そして、自端末装置1aの端末IDよりも他の端末装置1の端末IDの方が、宛先識別情報に近いため、端末装置1aは、当該端末装置1a自身が保持しているルーティングテーブルのレベル2のテーブルを参照して、「30XX」のエリアに属す端末装置1のうち、IPアドレスを知っている端末装置1b(端末ID「3031」)に対してコンテンツ登録メッセージを転送する。

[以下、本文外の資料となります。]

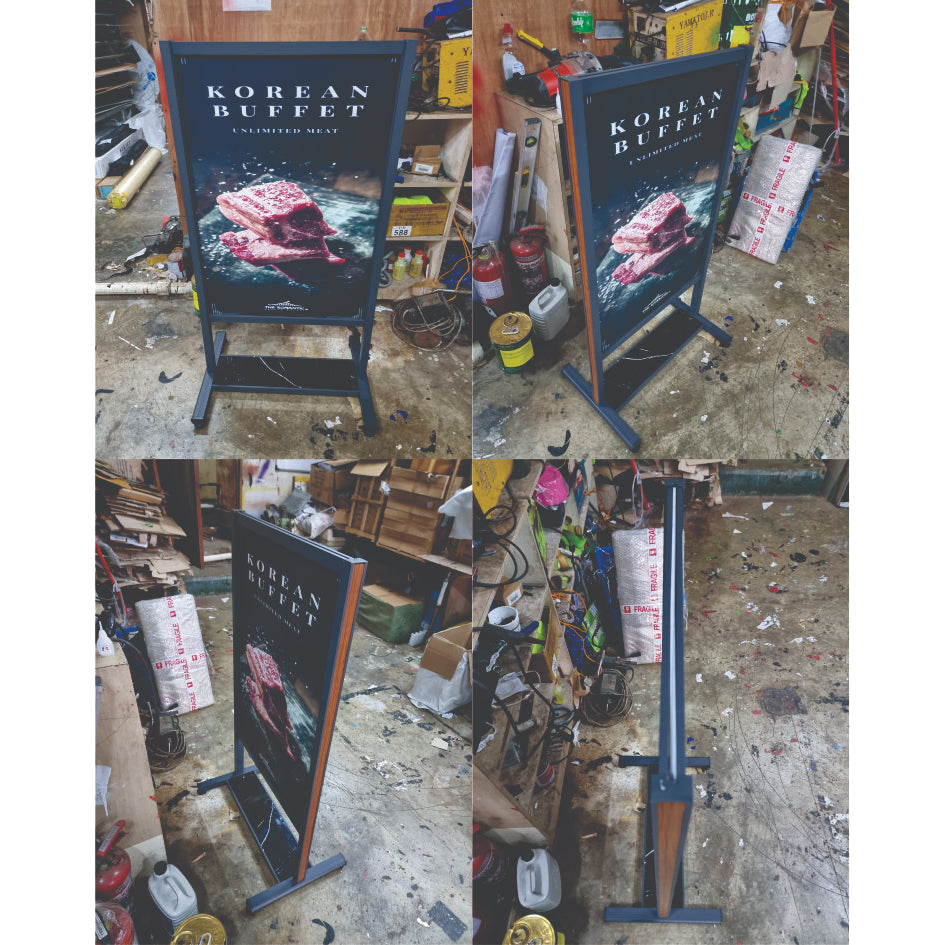 Double Sided Stand Signage / Floor Sign Sintra Board Menu Printing Standee Restaurant Cafe Shop Bar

このように、コンテンツIDの桁を上から順に適合していく要領で、コンテンツ登録メッセージに含まれる情報の記憶とコンテンツ登録メッセージの転送が進み、最終的にコンテンツ登録メッセージの宛先識別情報に近い端末IDを有する端末装置1cに辿り着くと、当該端末装置1c自身がそのコンテンツ情報のコンテンツルート端末装置となるべきだと判断し、当該コンテンツ登録メッセージに含まれるコンテンツインデックス情報をコンテンツ所在情報記憶手段に記憶する。そして、後述するように、他の端末装置1からコンテンツ検索メッセージを受信すると、コンテンツ検索メッセージを送信した端末装置1へコンテンツ保持端末装置の所在情報であるIPアドレスを記憶したコンテンツインデックス情報の中から選択して通知する。なお、上述のようにルーティングテーブルを用いたメッセージの転送をDHTルーティングと呼ぶ。

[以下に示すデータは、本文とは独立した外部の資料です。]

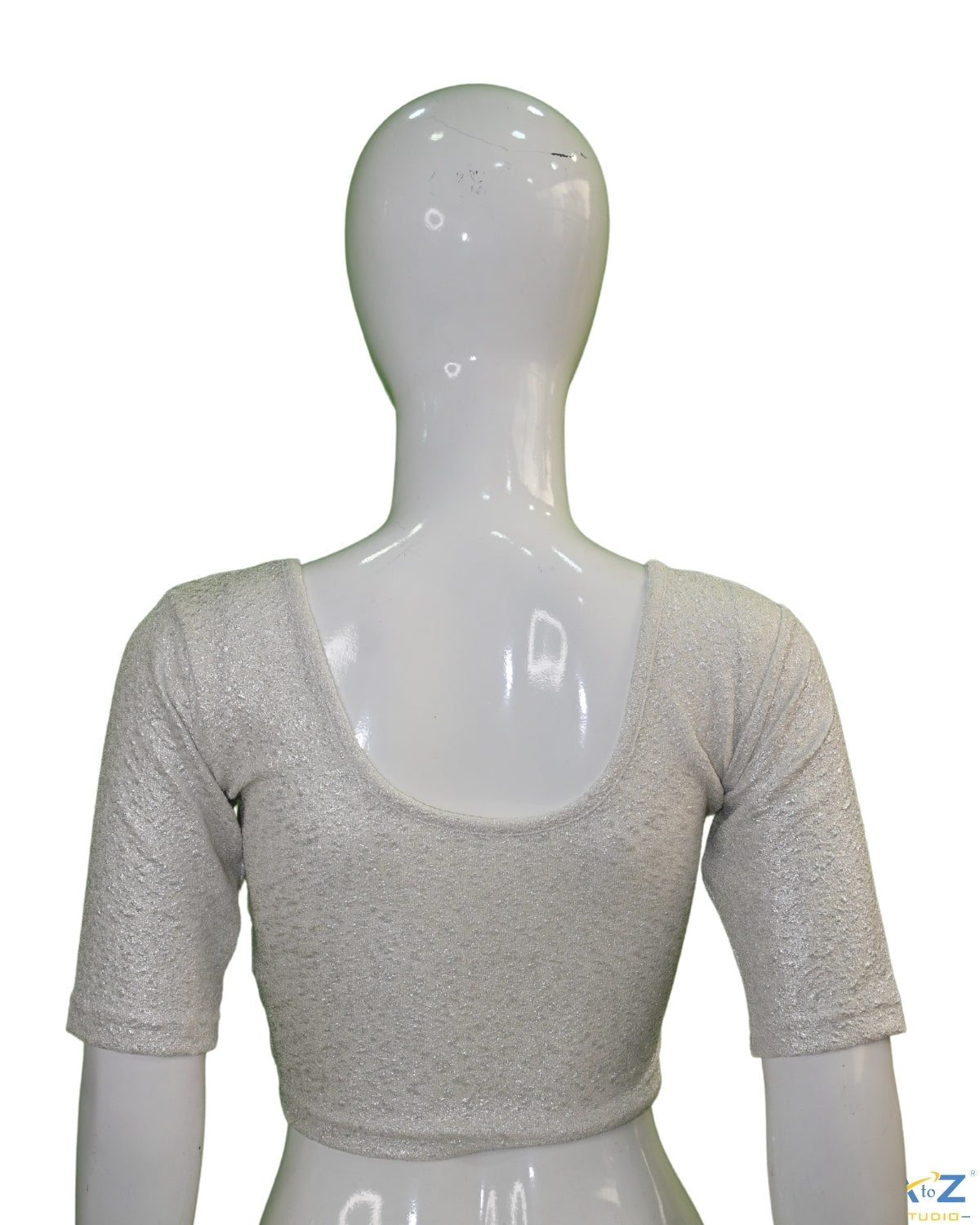 Light Silver Tissue Lycra Blouse with Golden Crumble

ところで、コンテンツルート端末装置におけるコンテンツインデックス情報の保持は、図6に示すようなコンテンツインデックステーブルにより行われる。図6はコンテンツルート端末装置1cにおけるコンテンツインデックステーブルの例を示したものであり、自端末装置が管理対象であるコンテンツID「3020」のコンテンツ情報を保持するコンテンツ保持端末装置の端末ID、IPアドレスなどを記憶している。
[1.4.コンテンツ情報の取得方法]
次に、図7を参照して、コンテンツ情報を保持している端末装置1の検索方法の一例について説明する。図7は、DHTによりコンテンツ情報を保持している端末装置1が検索される様子の一例を示す図である。

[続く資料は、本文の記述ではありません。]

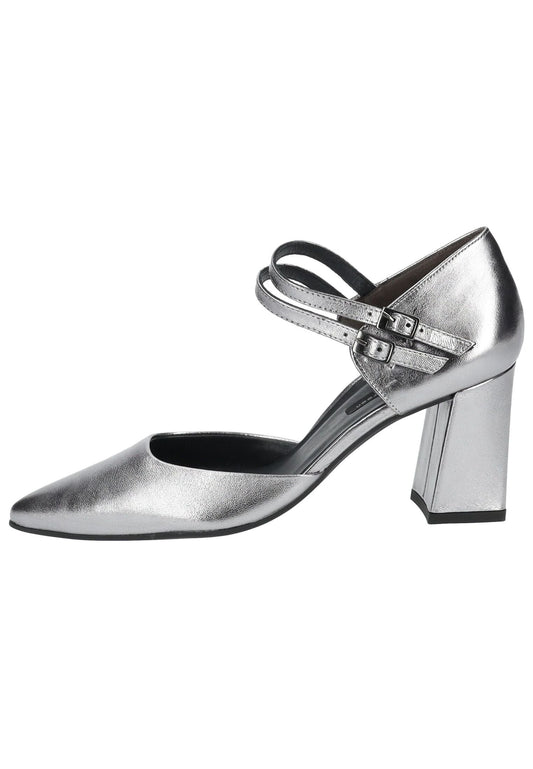 Paul Green Pumps Leder Metallic Silver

ここでは、端末ID「1133」の端末装置1nがコンテンツリクエスト端末装置として、コンテンツID「3020」を有するコンテンツ情報を探す際の手順について説明する。
コンテンツリクエスト端末装置1nは、図7に示すように、自装置のルーティングテーブルを参照して、コンテンツID「3020」と同じエリア「3XXX」の端末IDを持つ端末装置1の端末IDを宛先とし、コンテンツID「3020」を宛先識別情報として、コンテンツ保持端末装置情報(コンテンツ保持端末装置の所在情報であるIPアドレスを含む情報)の送信要求のメッセージ(以下、「コンテンツ検索メッセージ」と呼ぶ。)を送信する(図7に示す(1)参照。)。この処理は、後述する制御部101が行うものである。このように、端末装置1の制御部101は、他の端末装置1であるコンテンツ保持端末装置が記憶するコンテンツ情報に割り当てられる識別情報を宛先識別情報として、ルーティングテーブルに基づいて、コンテンツ保持端末装置を検索するコンテンツ検索メッセージを送信するコンテンツ検索メッセージ送信手段としての機能を有する。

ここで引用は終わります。